Analyzing the Shuffle Model through the Lens of Quantitative Information Flow

Local differential privacy (LDP) is a variant of differential privacy (DP) that avoids the need for a trusted central curator, at the cost of a worse trade-off between privacy and utility. The shuffle model is a way to provide greater anonymity to users by randomly permuting their messages, so that the link between users and their reported values is lost to the data collector. By combining an LDP mechanism with a shuffler, privacy can be improved at no cost for the accuracy of operations insensitive to permutations, thereby improving utility in many tasks. However, the privacy implications of shuffling are not always immediately evident, and derivations of privacy bounds are made on a case-by-case basis. In this paper, we analyze the combination of LDP with shuffling in the rigorous framework of quantitative information flow (QIF), and reason about the resulting resilience to inference attacks. QIF naturally captures randomization mechanisms as information-theoretic channels, thus allowing for precise modeling of a variety of inference attacks in a natural way and for measuring the leakage of private information under these attacks. We exploit symmetries of the particular combination of k-RR mechanisms with the shuffle model to achieve closed formulas that express leakage exactly. In particular, we provide formulas that show how shuffling improves protection against leaks in the local model, and study how leakage behaves for various values of the privacy parameter of the LDP mechanism. In contrast to the strong adversary from differential privacy, we focus on an uninformed adversary, who does not know the value of any individual in the dataset. This adversary is often more realistic as a consumer of statistical datasets, and we show that in some situations mechanisms that are equivalent w.r.t. the strong adversary can provide different privacy guarantees under the uninformed one.

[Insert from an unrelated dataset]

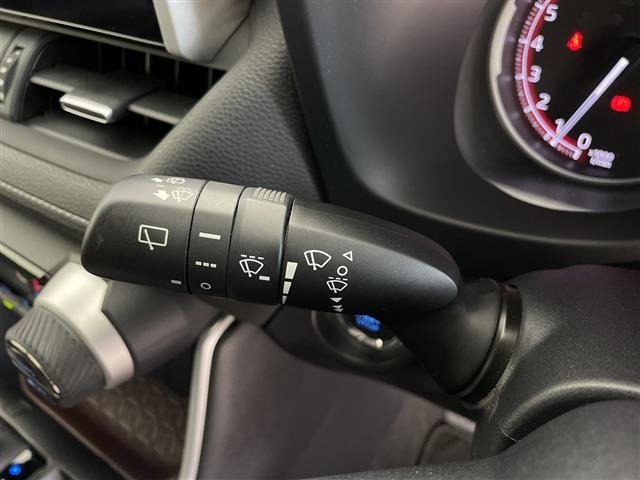 Toyota RAV4 2021 7360992-3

翻译：局部差分隐私（LDP）是差分隐私（DP）的一种变体，其无需可信中心数据管理员，但代价是隐私与效用之间的权衡更差。混洗模型通过随机排列用户消息，使数据收集者无法将用户与其报告值关联，从而为用户提供更强的匿名性。通过将LDP机制与混洗器结合，可在不损害对排列不敏感的操作准确性的前提下提升隐私保护，进而提高许多任务中的效用。然而，混洗的隐私影响并非总是显而易见，且隐私界限的推导需逐例进行。本文在定量信息流（QIF）的严格框架下分析LDP与混洗的结合，并探讨其对抗推断攻击的鲁棒性。QIF自然地将随机化机制建模为信息论信道，从而能以自然方式精确刻画多种推断攻击，并度量这些攻击下的隐私泄露量。我们利用k-RR机制与混洗模型特定组合的对称性，推导出精确表达泄露量的封闭公式。具体而言，我们给出公式展示混洗如何增强对局部模型中泄露的保护，并研究隐私泄露随LDP机制隐私参数的变化规律。与差分隐私中的强敌手不同，我们聚焦于一种无信息敌手——该敌手不了解数据集中任何个体的取值。此类敌手作为统计数据集的消费者往往更具现实性，我们证明：在某些情况下，相对于强敌手等效的机制，在无信息敌手下可能提供不同的隐私保障。